- _Exercise requirements_
Only the lines from the one bearing "1 Bedroom Flat" through the end of the entries should be output, exactly as they stand, and pictures should be skipped.

##########

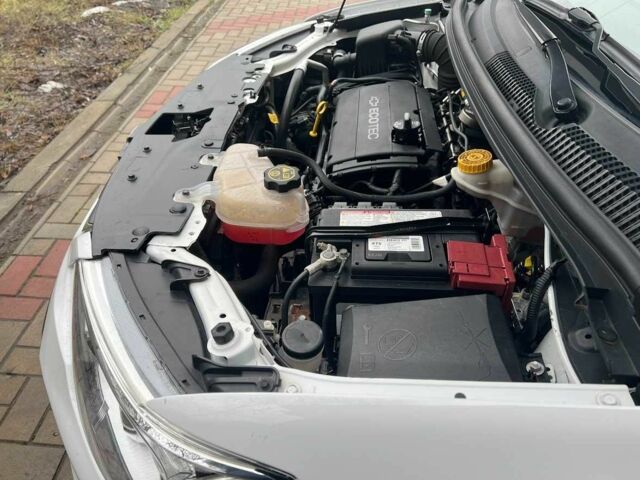 Белый Шевроле Соник, объемом двигателя 1.8 л и пробегом 114 тыс. км за 7800 $, фото 9 на Automoto.ua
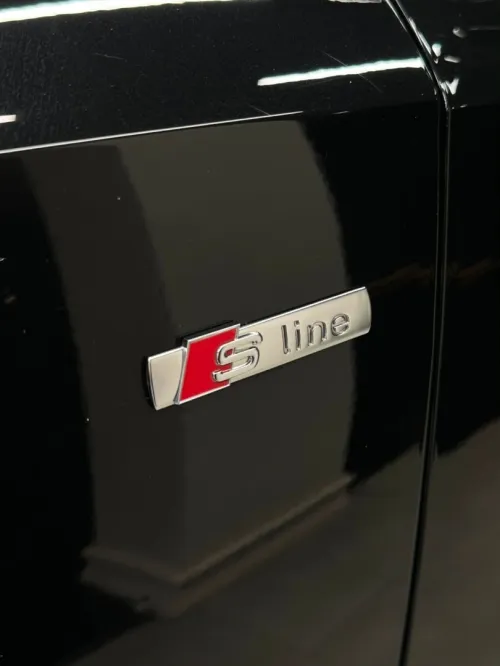 Audi Q3 2023 S-LINE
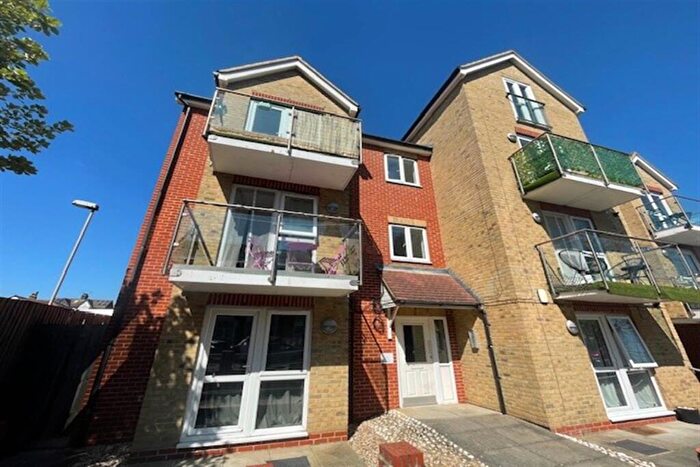 1 Bedroom Flat For Sale In Ambleside Drive, Southend On Sea, SS1
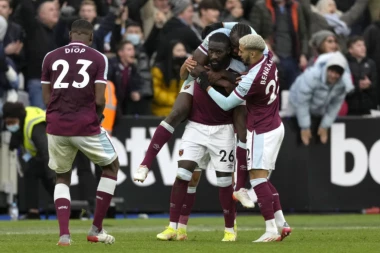 PREMIJER LIGA: Evrogol NOKAUTIRAO Čelsi u londonskom derbiju! (VIDEO)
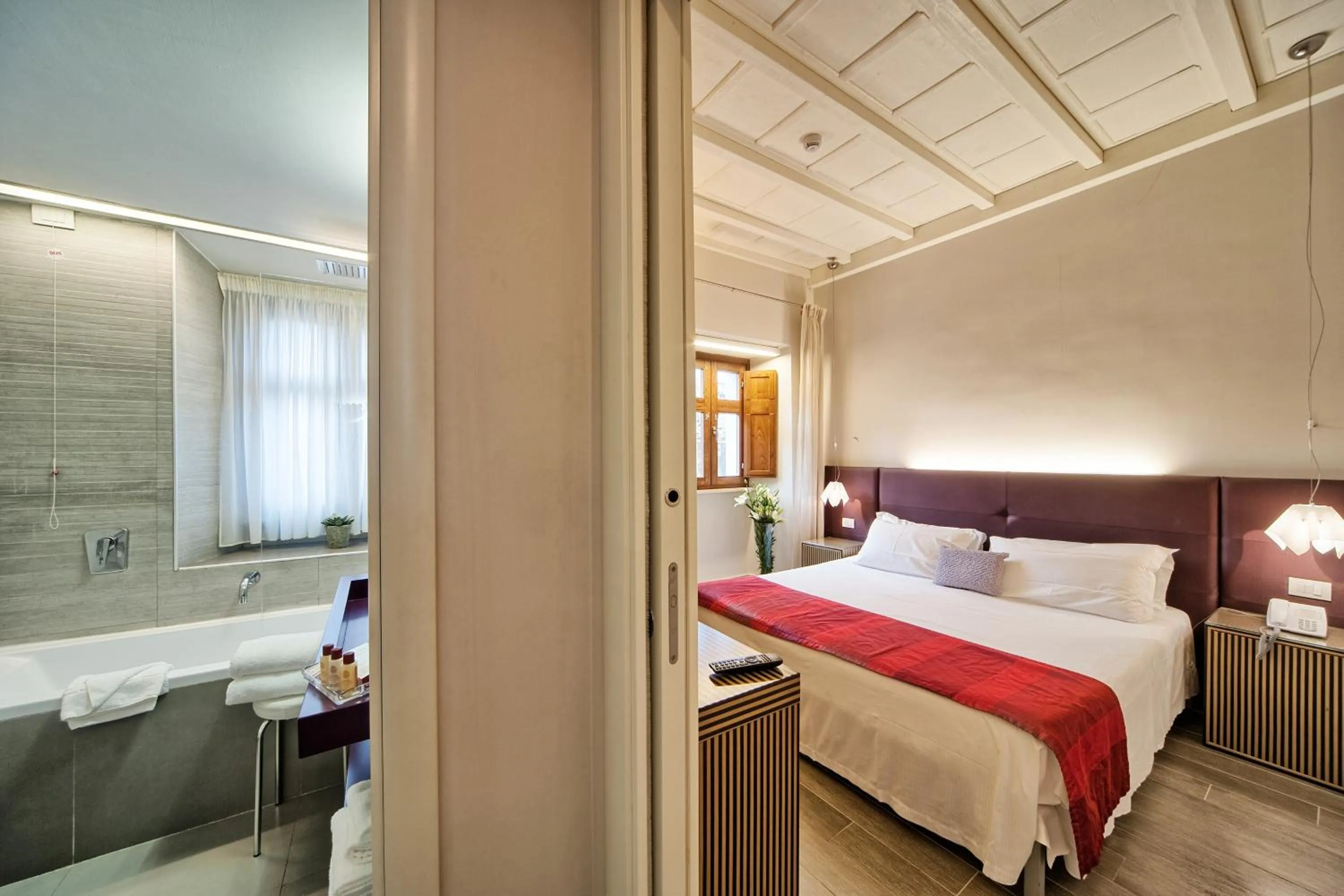 Day, Bed in Navona Palace Luxury Inn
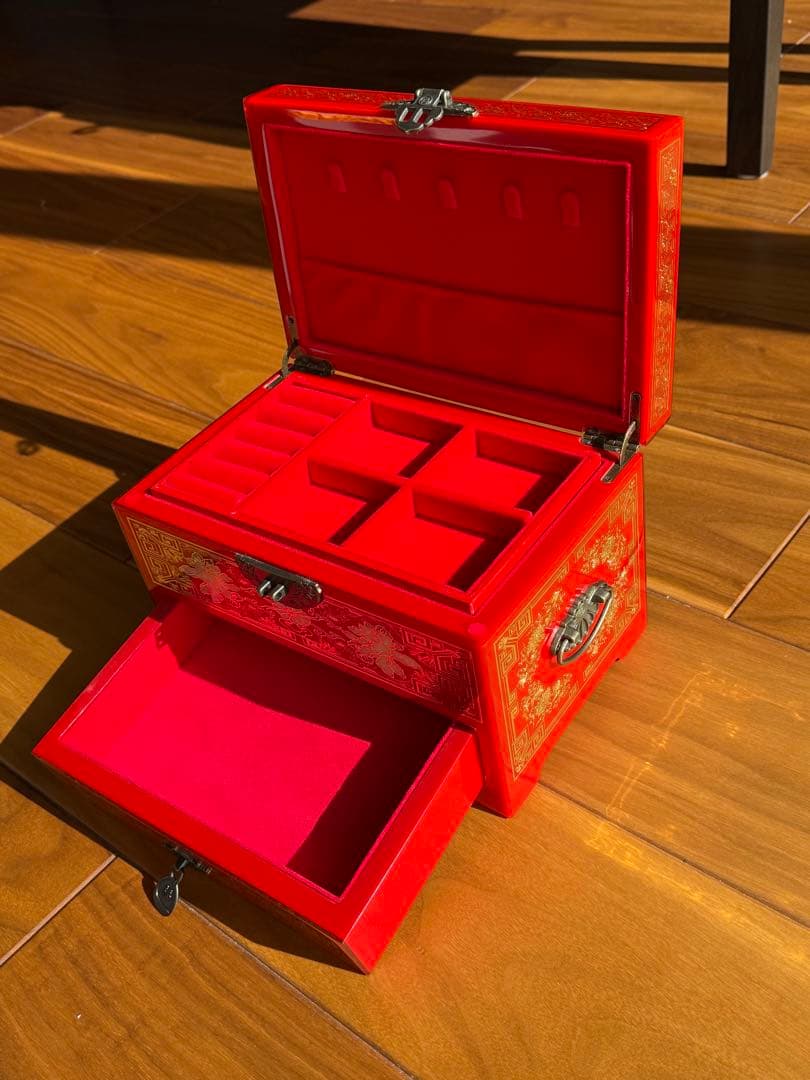 【新品未使用】ジュエリーボックス 漆器 宝石箱 小物入れ アンティーク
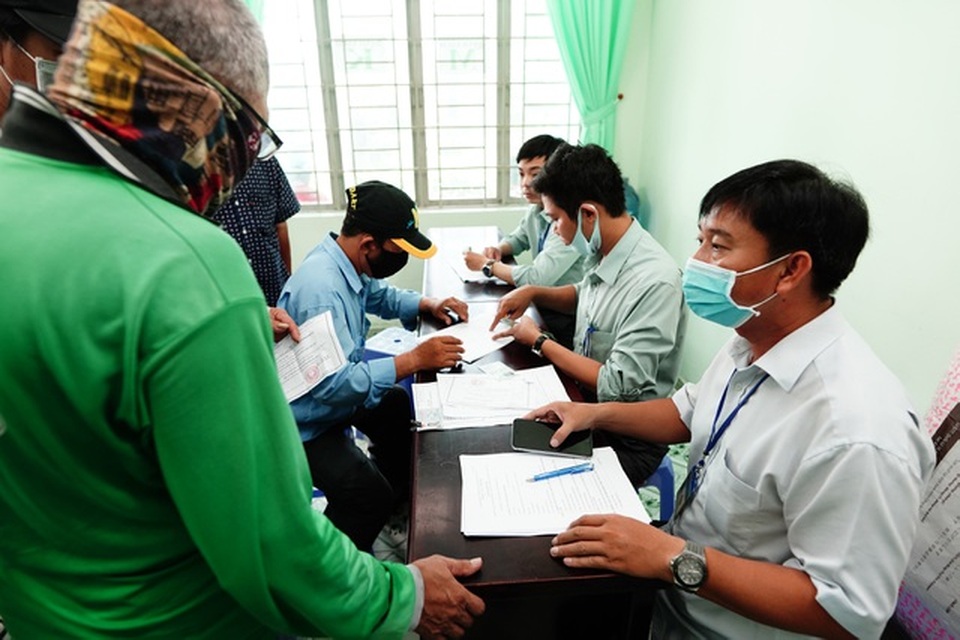 TPHCM: Chi 27 tỷ đồng hỗ trợ 27.000 lao động tự do gặp khó vì Covid-19 - 3 TPHCM: Chi 27 tỷ đồng hỗ trợ 27.000 lao động tự do gặp khó vì Covid-19 - 3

##########

- _Expected output_
 1 Bedroom Flat For Sale In Ambleside Drive, Southend On Sea, SS1
 PREMIJER LIGA: Evrogol NOKAUTIRAO Čelsi u londonskom derbiju! (VIDEO)
 Day, Bed in Navona Palace Luxury Inn
 【新品未使用】ジュエリーボックス 漆器 宝石箱 小物入れ アンティーク
 TPHCM: Chi 27 tỷ đồng hỗ trợ 27.000 lao động tự do gặp khó vì Covid-19 - 3 TPHCM: Chi 27 tỷ đồng hỗ trợ 27.000 lao động tự do gặp khó vì Covid-19 - 3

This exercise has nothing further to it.